En su seguimiento del científico en su búsqueda de aliados, Bruno Latour se refiere a los de carácter humano junto a los de carácter técnico. Como tanto un artículo como un laboratorio pueden no despertar interés alguno y, por tanto, no encontrar apoyos ni disidentes, el especialista tiene que buscar aliados sociales que suscriban y participen en la construcción de su hecho científico. Por ello, el investigador debe actuar como sagaz negociador en la esfera social. De este modo, se produce una paradoja: el científico que trabaja de forma independiente es, en realidad, aquél cuyos intereses se alinean con los de otros sectores sociales y otros científicos, mientras, si carece de tales vínculos y se aísla, perece inmediatamente como especialista. Conseguir reclutar intereses es necesario para formar parte del conjunto de científicos a los que se atribuye el demiúrgico poder –tras el que se oculta la distinta capacidad estratégica en las controversias– de acertar en su exploración de la naturaleza o de la sociedad. Al tener que lograr ese apoyo social y velar a la vez para que no se desfiguren sus afirmaciones, el científico trata de identificar con su trabajo los intereses de distintos sectores mediante lo que Latour llama «traducción». En contraposición al popular «modelo de difusión», el de «traducción» supone negar que por un lado actúen la ciencia y la técnica y por otro, por separado, la sociedad, que, por el contrario, quedan vinculadas entre sí por asociaciones o cadenas heterogéneas. No cabe la distinción externo-interno como mundos separados o que, a lo sumo, se influyen mutuamente, sino que ambos espacios interactúan entre sí, se traban, se constituyen a la par. Aunque se justifique un trabajo como de interés social, es la constitución de esas redes, tras negociaciones más o menos arduas, lo que garantiza el éxito de un hecho, de una teoría, de una predicción o de una máquina. Al margen de tales redes, ninguno de estos elementos tiene vitalidad alguna y su perforación explica los fracasos.23

En una línea próxima a Latour, Torres Albero (1994: 106-112) subraya la importancia de la negociación política tanto dentro de la propia «cámara sagrada de la ciencia» como en el marco social. Este sociólogo valora, en particular, los aspectos de rivalidad en que desemboca esa actuación. Al perseguir imponer sus versiones del mundo como puntos de paso obligado para otros, los científicos niegan viabilidad a rutas alternativas y tratan de impedir su difusión. Torres Albero (1994: 107-108) interpreta básicamente así, en función de la oposición de tradiciones, un panorama de constantes y obstinadas obstrucciones, donde también podría haber valorado otros móviles circunstanciales:

El recurso a la política, para obtener el control en la vida cognitiva científica, implica una serie de estrategias sociales ya señaladas, pero que afectan también a los aspectos sustantivos, tales como las presiones a los editores o árbitros para que se acepten o rechacen determinados artículos u otras publicaciones, las tácticas para obtener fondos para las propias investigaciones y para negar o retirar la financiación al contrario, las maniobras para obtener firmas para apoyar o rechazar determinadas posiciones o documentos, las habilidades para intentar persuadir a la comunidad de que el trabajo de los otros es patológico, etc...
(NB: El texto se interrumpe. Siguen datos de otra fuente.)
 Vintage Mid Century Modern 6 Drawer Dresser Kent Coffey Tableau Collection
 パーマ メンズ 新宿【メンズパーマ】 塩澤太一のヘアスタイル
Pierre Bourdieu (2003: 104-105) también destaca la dependencia que la ciencia tiene de los recursos financieros y administrativos para su realización, así como la pugna entre investigadores en que ello desemboca y el papel arbitral que desempeñan las instituciones controladoras de los recursos, mediatizadas por miembros de la propia comunidad científica. Esa subordinación y, por tanto, el tiempo individual o colectivo en la búsqueda de subvenciones, empleos, contratos, etc. varían, a su juicio, según disciplinas: mientras resultan notables en algunas como la física y la sociología, son nulos, escasos o secundarios en otras como la historia y las matemáticas. Pero esta distinción de Bourdieu, en todo caso, no revela unas mayores facilidades de las segundas para su desarrollo, sino al contrario, precisamente, por presuponérseles menor valor práctico, un más bajo interés por parte de esos agentes externos que lo complica. De cualquier forma, mediante vías más directas o más indirectas, el apoyo y la consideración externos resultan importantes para los trabajos de todas las especialidades, que sólo cobran relieve, en último término, a raíz de su estimación social.
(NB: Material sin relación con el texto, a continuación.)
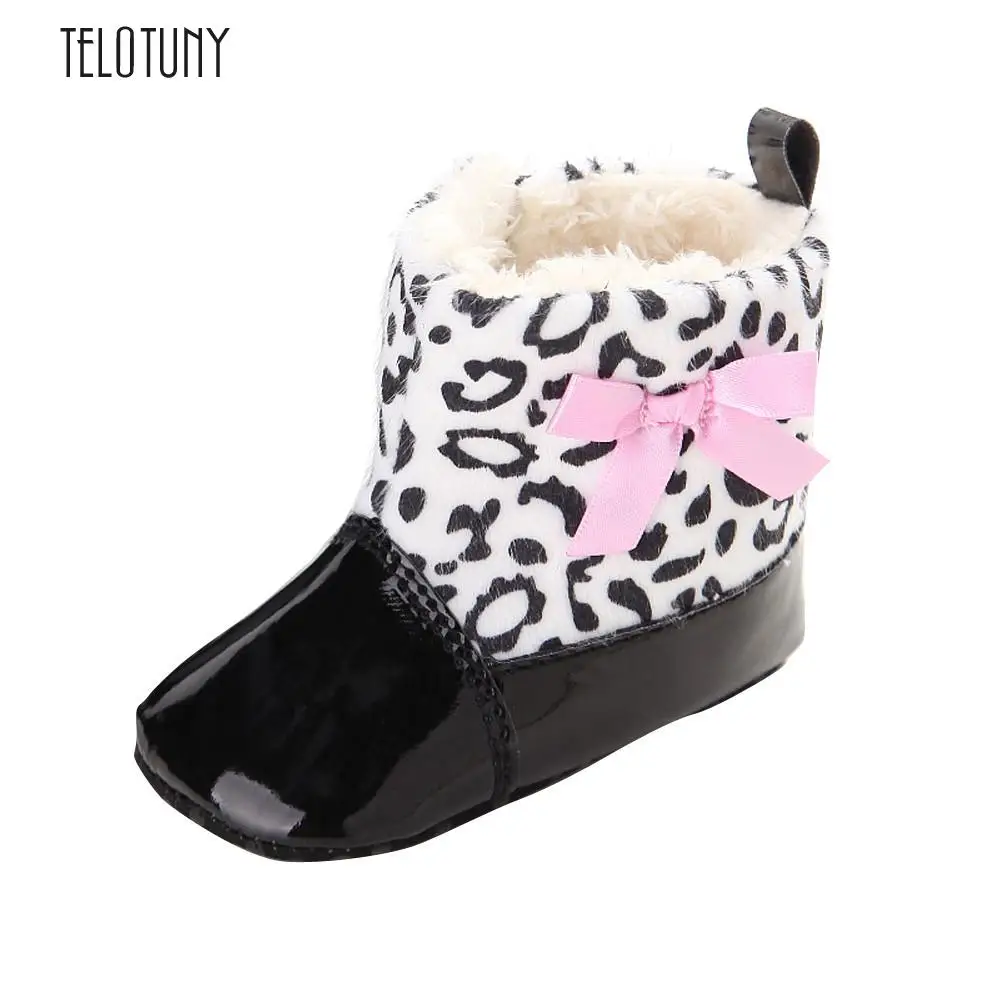 TELOTUNY Baby Toddler Infant Snow Boots Soft Sole Prewalker Crib Shoes comfortable S3MAR6 |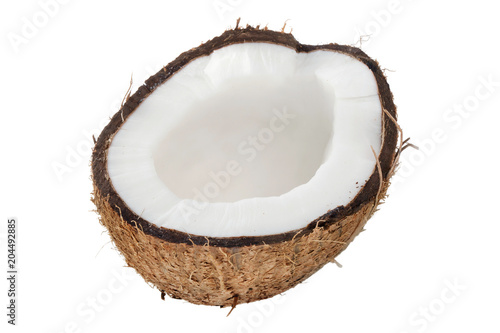 Coconut half part cracked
En general, la interpenetración entre la sociedad y la ciencia ha conducido a una mutua legitimación donde la segunda aparece como servicio general y la primera como gran beneficiaria. Pero varios autores han rechazado esta justificación al vislumbrar el peso que juegan determinados intereses en uno y otro ámbito y negar, por tanto, que la ciencia desempeñe un papel neutral de tipo quirúrgico o estimulante. Al resaltar la importancia del contexto social, Chalmers (1992: 161) llega a denunciar como un efecto adverso, derivado de la confianza ofrecida a la ciencia, rayana en mixtificación, la presentación como cuestiones científicas –especialmente en el análisis económico, pero también en las propias ciencias naturales– de problemas de neto carácter político y social.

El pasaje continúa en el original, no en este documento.